Exercise prompt: From the first line to the last, please reproduce the material exactly, skipping the pictures.

Records provided:
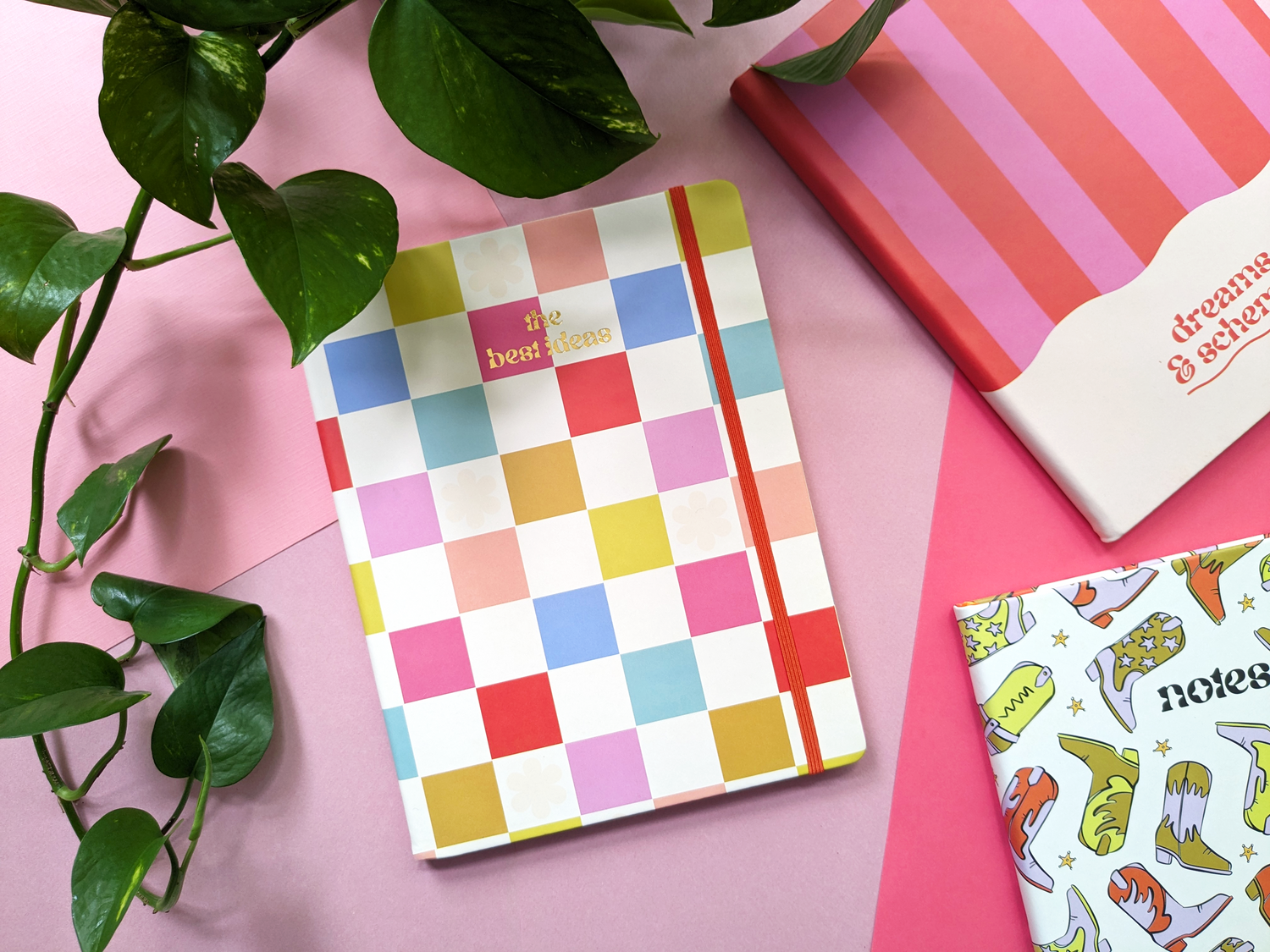 Saje Journal Notebook - Rainbow Check B5 Design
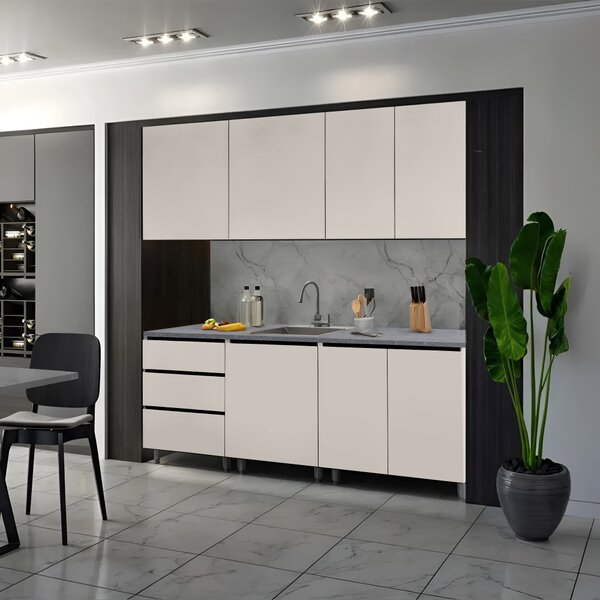 KONDELA Mobilier de bucătărie, 2 m, caşmir, ASTI
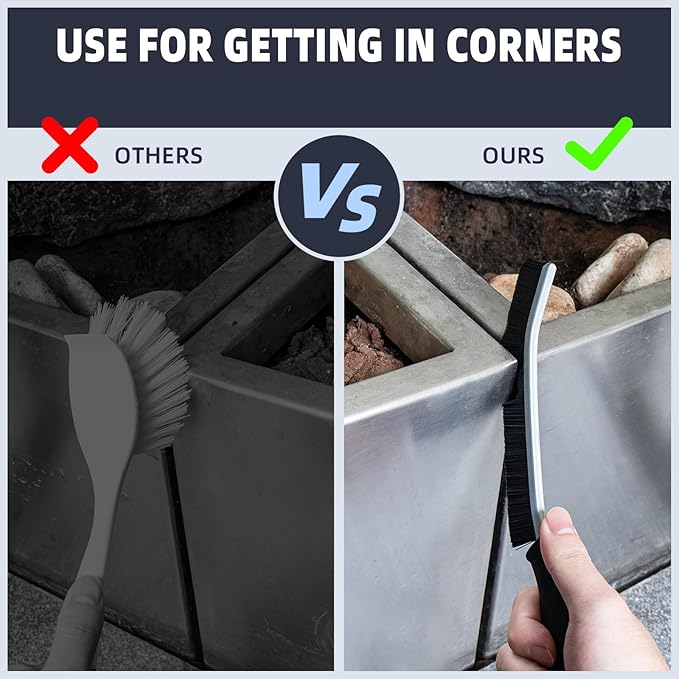 Hard Bristle Crevice Cleaning Brush - Home Cleaning Tools, Multi-Purpose Crevice Supplies for Kitchen, Bathroom, Toilet, Window, Vehicle, Faucets, Grout, Home (3, Black)
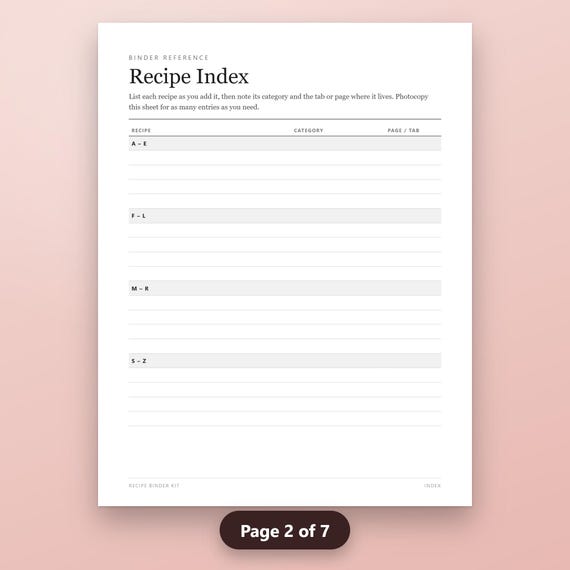 Recipe Binder Kit Printable, Fillable 4x6 Recipe Cards, Dividers, Cover, Conversions Chart, US Letter PDF, Instant Download, image 6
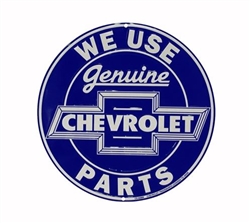 We Use Genuine Chevrolet Parts Blue and White Metal Sign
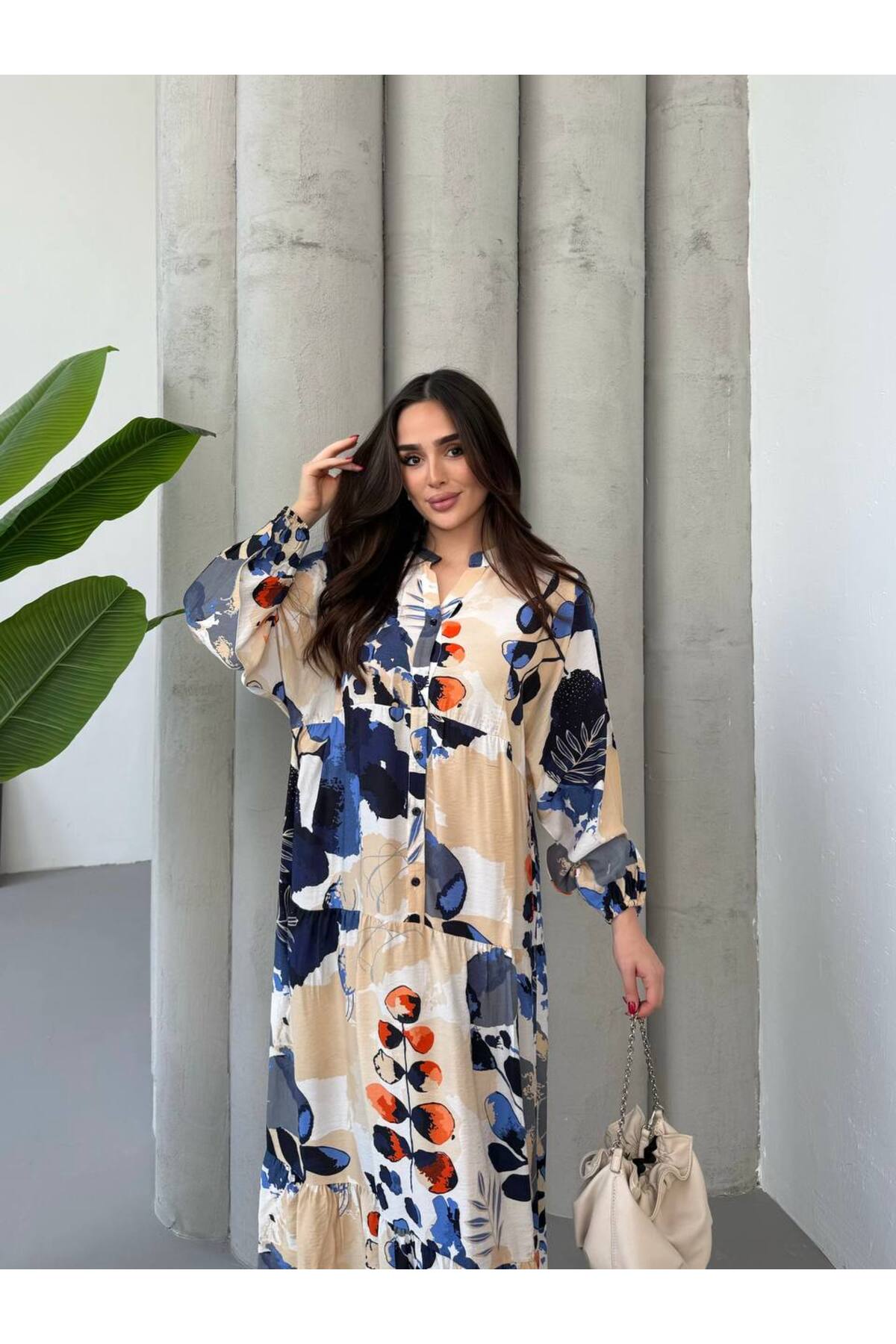 Kadın Tesettür Elbise Modal Kumaş Desenli Elbise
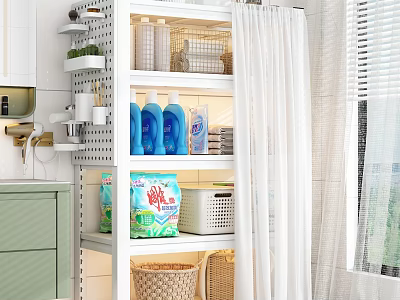 Modern White Multilayer Bathroom Storage Rack For Organizing Various Laundry Cleaning Supplies With Dustproof Curtain 3d model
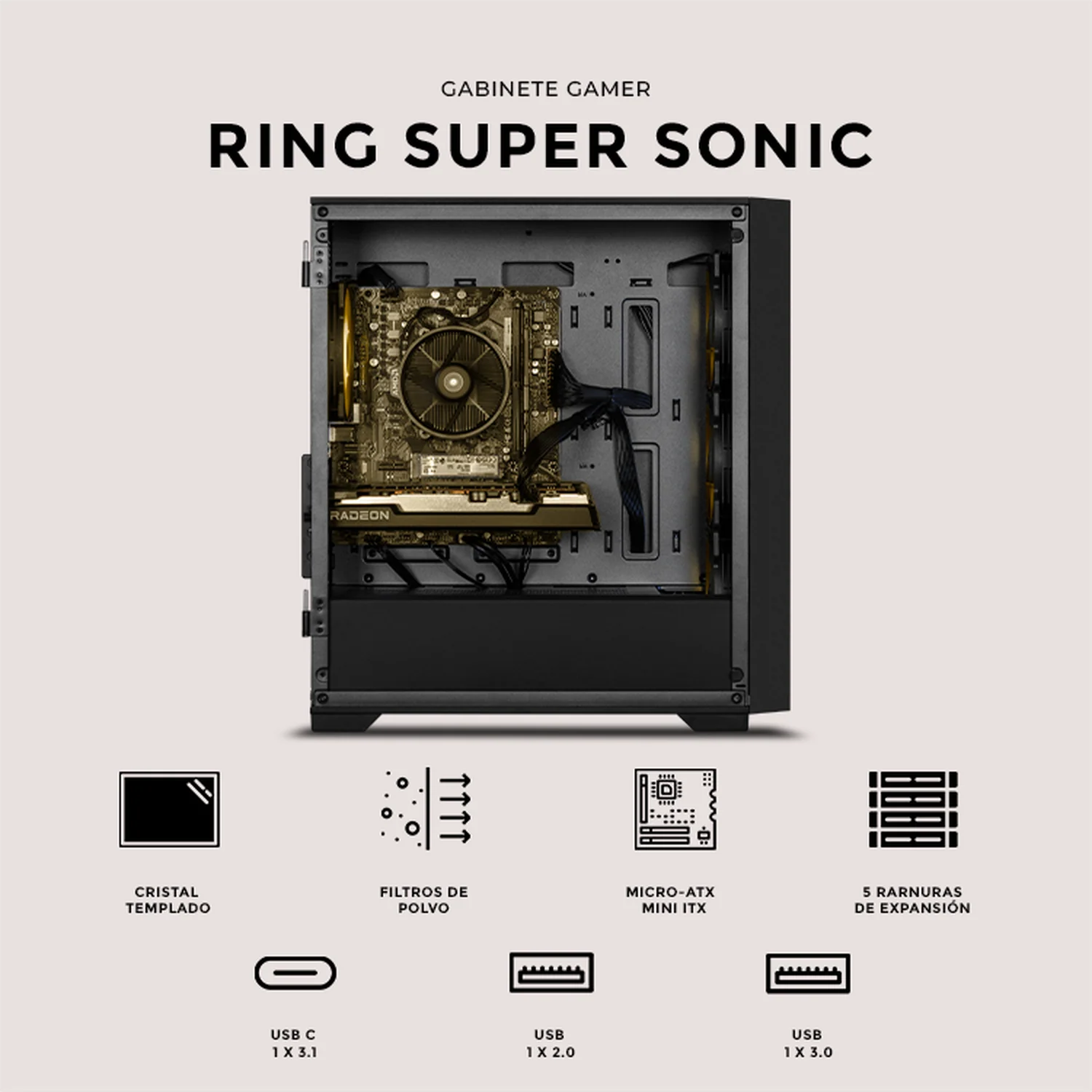 Gabinete XTREME PC GAMING Sonic Super Sonic Ring Edition Mini Torre 4 Fan ARGB USB-C Negro CXTSS6000BK - Image 5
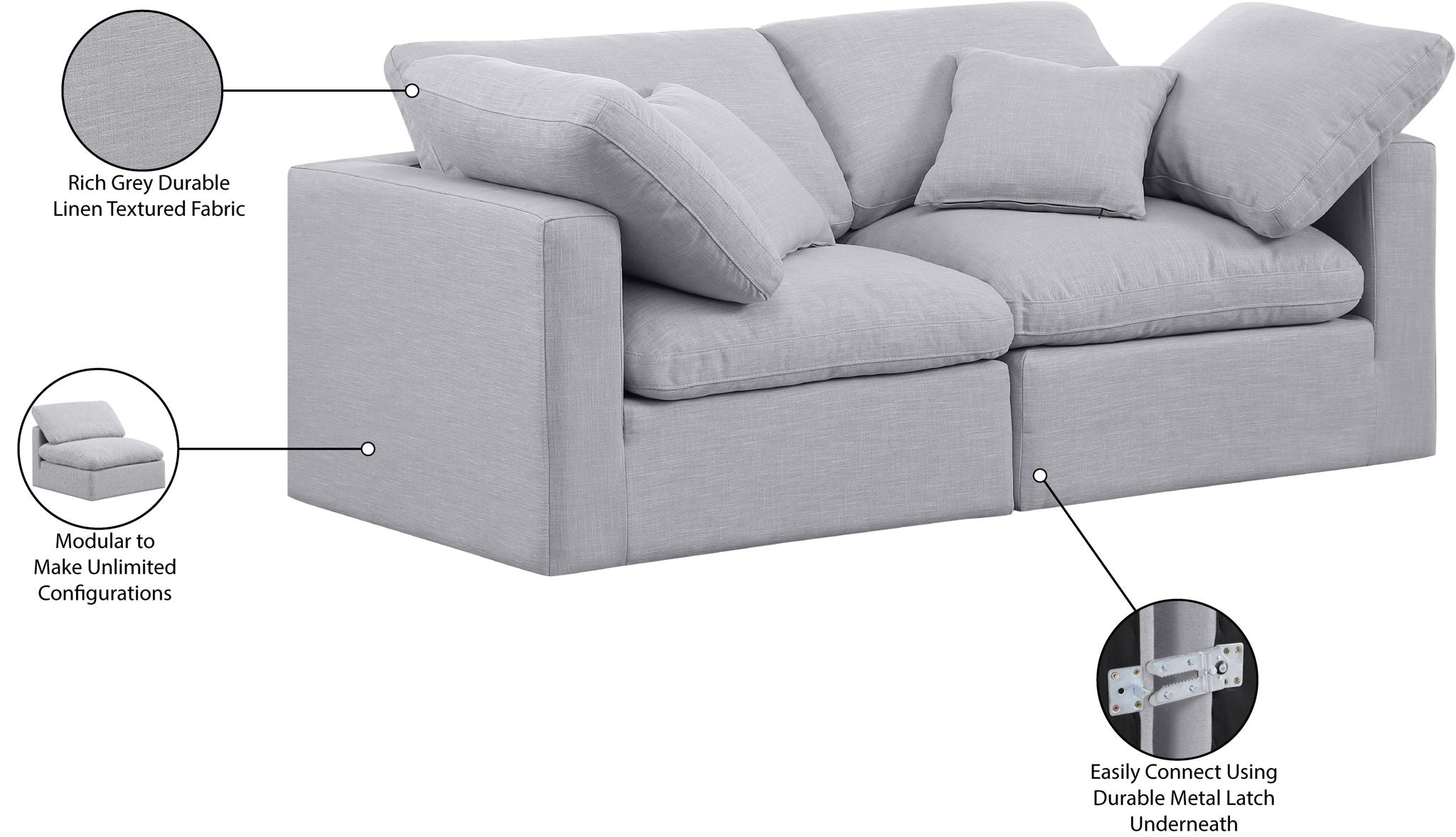 Indulge - Linen 2 Seat Modular Sofa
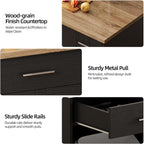 4 EVER WINNER 53" Kitchen Island Cart with Hidden Trash Storage, 3-Tier Spice Rack & Adjustable Shelves, Mobile Kitchen Counter on 5-Wheel Casters, Black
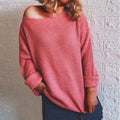 Img 1 - Popular Tube Bare Shoulder Loose Sweater Women Solid Colored INS Tops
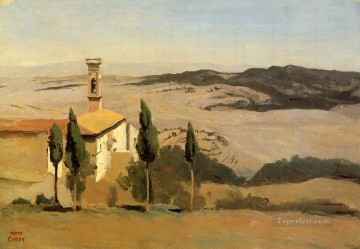Volterra Iglesia y campanario plein air Romanticismo Jean Baptiste Camille Corot Pinturas al óleo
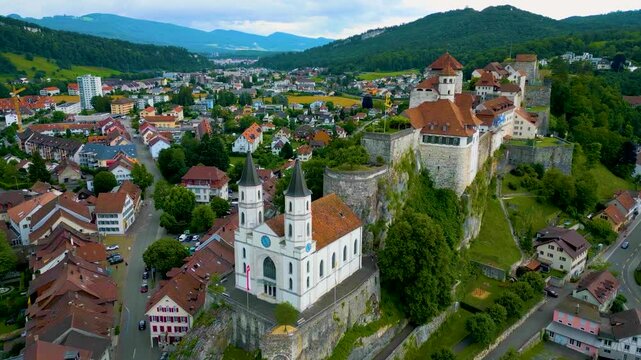 4K Drone Video of the Beautiful Festung Aarburg Castle and Reformierte Kirche Church in Aarburg, Switzerland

Solution to the exercise:
 Saje Journal Notebook - Rainbow Check B5 Design
 KONDELA Mobilier de bucătărie, 2 m, caşmir, ASTI
 Hard Bristle Crevice Cleaning Brush - Home Cleaning Tools, Multi-Purpose Crevice Supplies for Kitchen, Bathroom, Toilet, Window, Vehicle, Faucets, Grout, Home (3, Black)
 Recipe Binder Kit Printable, Fillable 4x6 Recipe Cards, Dividers, Cover, Conversions Chart, US Letter PDF, Instant Download, image 6
 We Use Genuine Chevrolet Parts Blue and White Metal Sign
 Kadın Tesettür Elbise Modal Kumaş Desenli Elbise
 Modern White Multilayer Bathroom Storage Rack For Organizing Various Laundry Cleaning Supplies With Dustproof Curtain 3d model
 Gabinete XTREME PC GAMING Sonic Super Sonic Ring Edition Mini Torre 4 Fan ARGB USB-C Negro CXTSS6000BK - Image 5
 Indulge - Linen 2 Seat Modular Sofa
 4 EVER WINNER 53" Kitchen Island Cart with Hidden Trash Storage, 3-Tier Spice Rack & Adjustable Shelves, Mobile Kitchen Counter on 5-Wheel Casters, Black
 Img 1 - Popular Tube Bare Shoulder Loose Sweater Women Solid Colored INS Tops
Volterra Iglesia y campanario plein air Romanticismo Jean Baptiste Camille Corot Pinturas al óleo
 4K Drone Video of the Beautiful Festung Aarburg Castle and Reformierte Kirche Church in Aarburg, Switzerland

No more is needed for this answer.